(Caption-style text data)
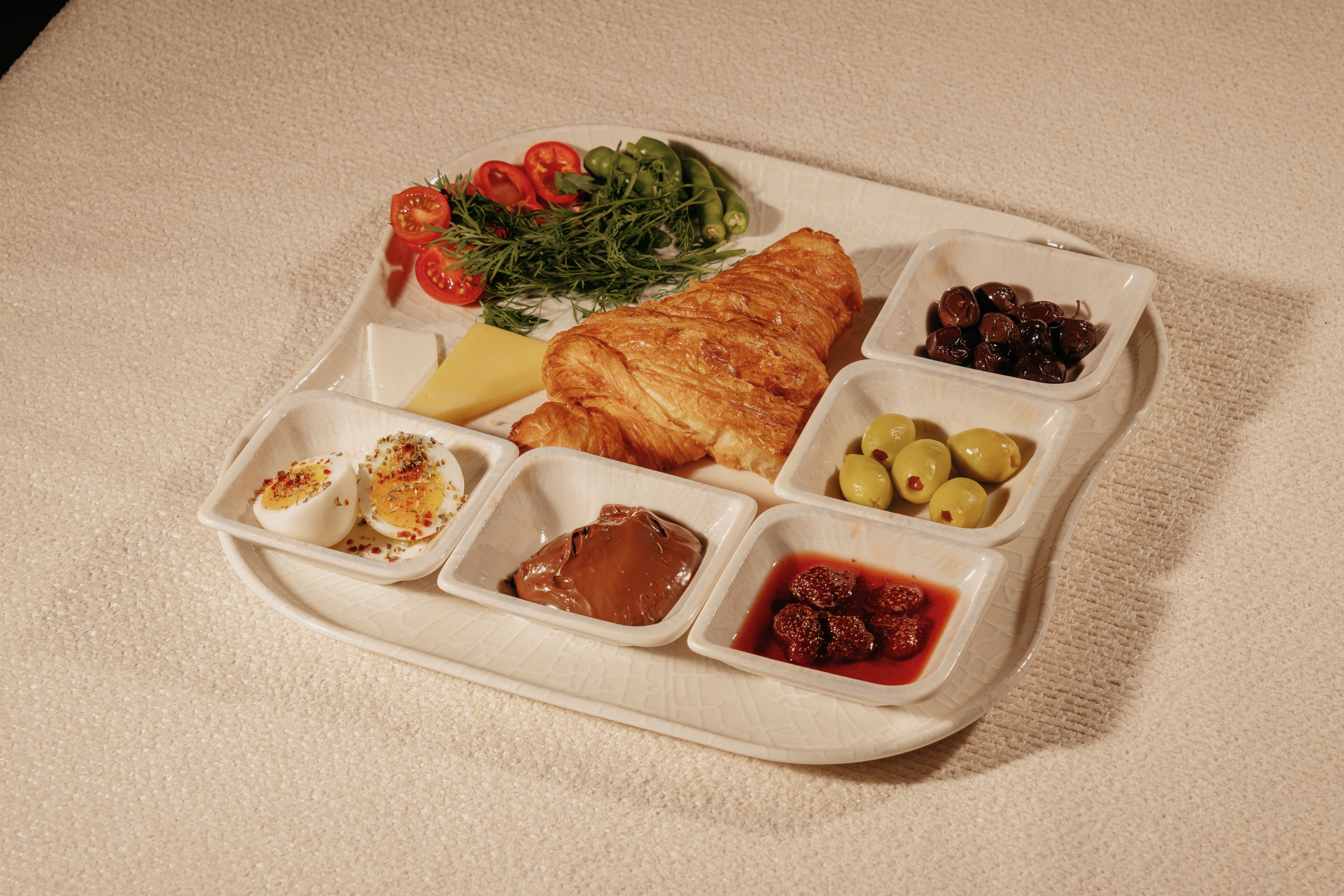 Tek Kişilik Premium Kahvaltı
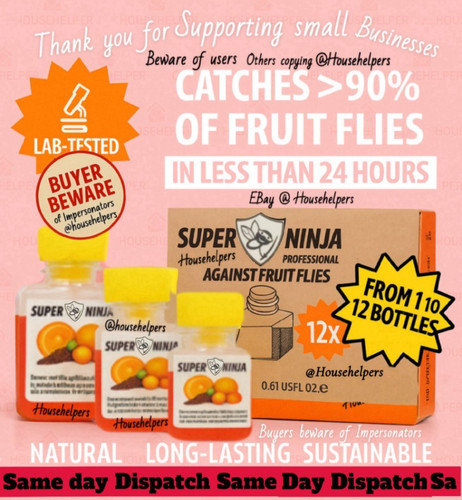 Super ninja fruit fly - super,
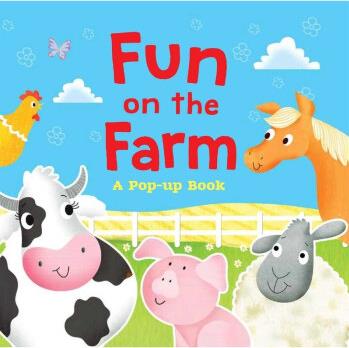 Flap Pop-Ups: Fun on the Farm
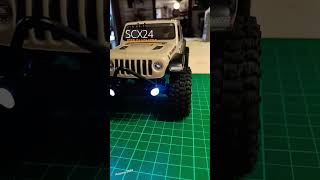 Axial SCX24 JEEP GLADIATOR OVERVIEW BRASS UPGRADES SCX10 TRAXXAS ARRMA ELEMENT FTX [upl. by Aizirtap]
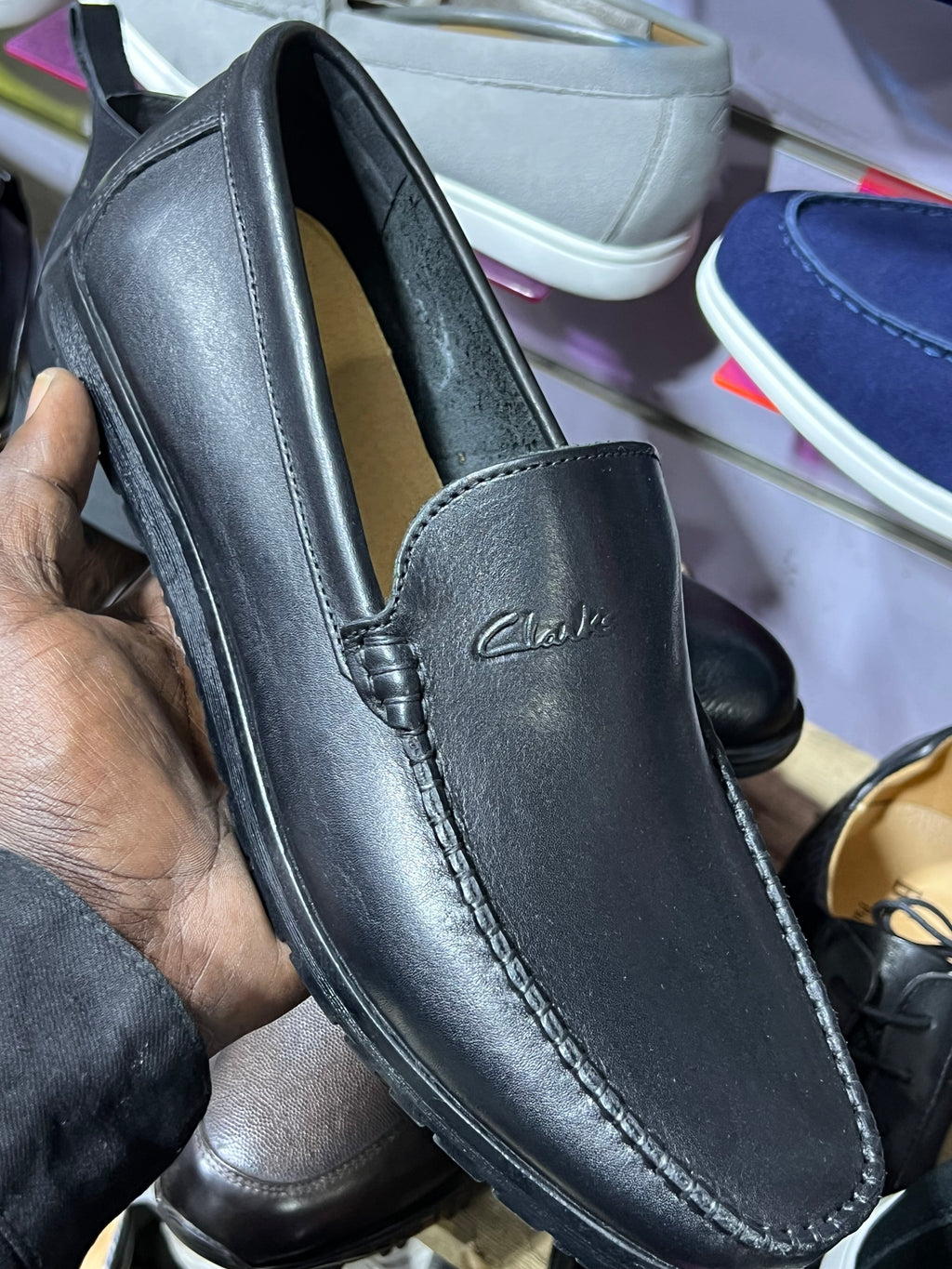 Mocassins Cuire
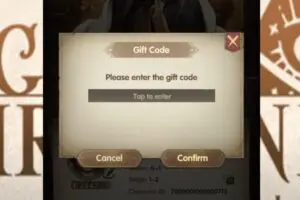 Redeem a gift code in Magic Chronicle Isekai RPG
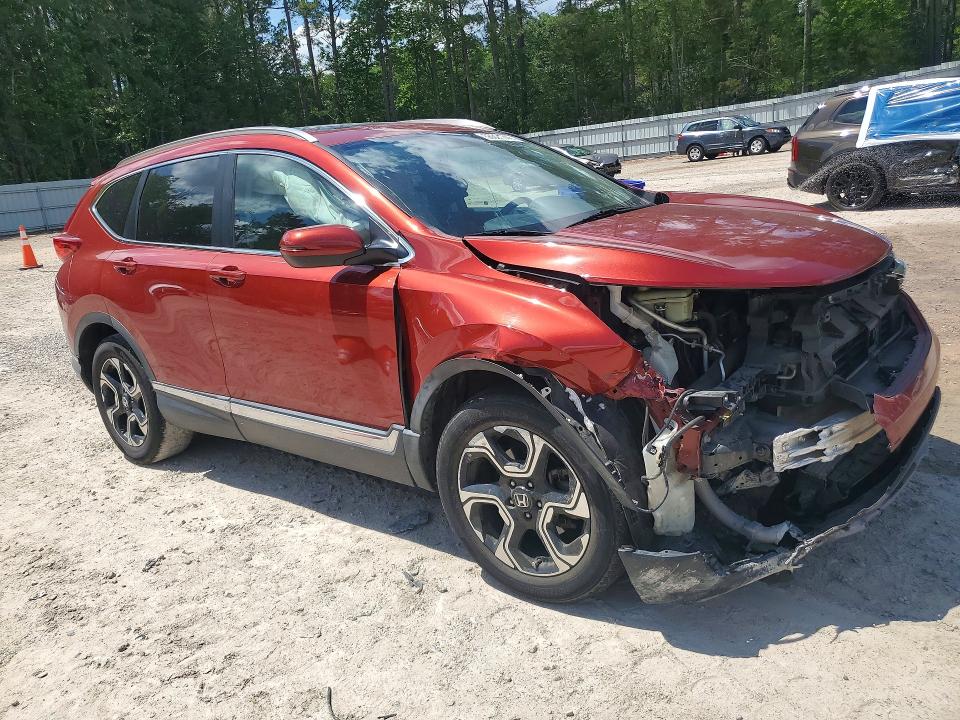 Photo 4 from auction – 2017 HONDA CR-V with VIN 2HKRW2H93HH603480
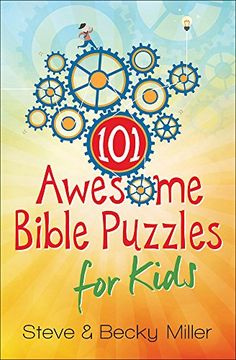 portada 101 Awesome Bible Puzzles for Kids (Take Me Through the Bible) (en Inglés)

• TASK DIRECTIONS
The records above should be retyped in full and exactly; omit the pictures.

• WRITTEN SOLUTION
 Tek Kişilik Premium Kahvaltı
 Super ninja fruit fly - super,
 Flap Pop-Ups: Fun on the Farm
 Axial SCX24 JEEP GLADIATOR OVERVIEW BRASS UPGRADES SCX10 TRAXXAS ARRMA ELEMENT FTX [upl. by Aizirtap]
 Mocassins Cuire
 Redeem a gift code in Magic Chronicle Isekai RPG
 Photo 4 from auction – 2017 HONDA CR-V with VIN 2HKRW2H93HH603480
 portada 101 Awesome Bible Puzzles for Kids (Take Me Through the Bible) (en Inglés)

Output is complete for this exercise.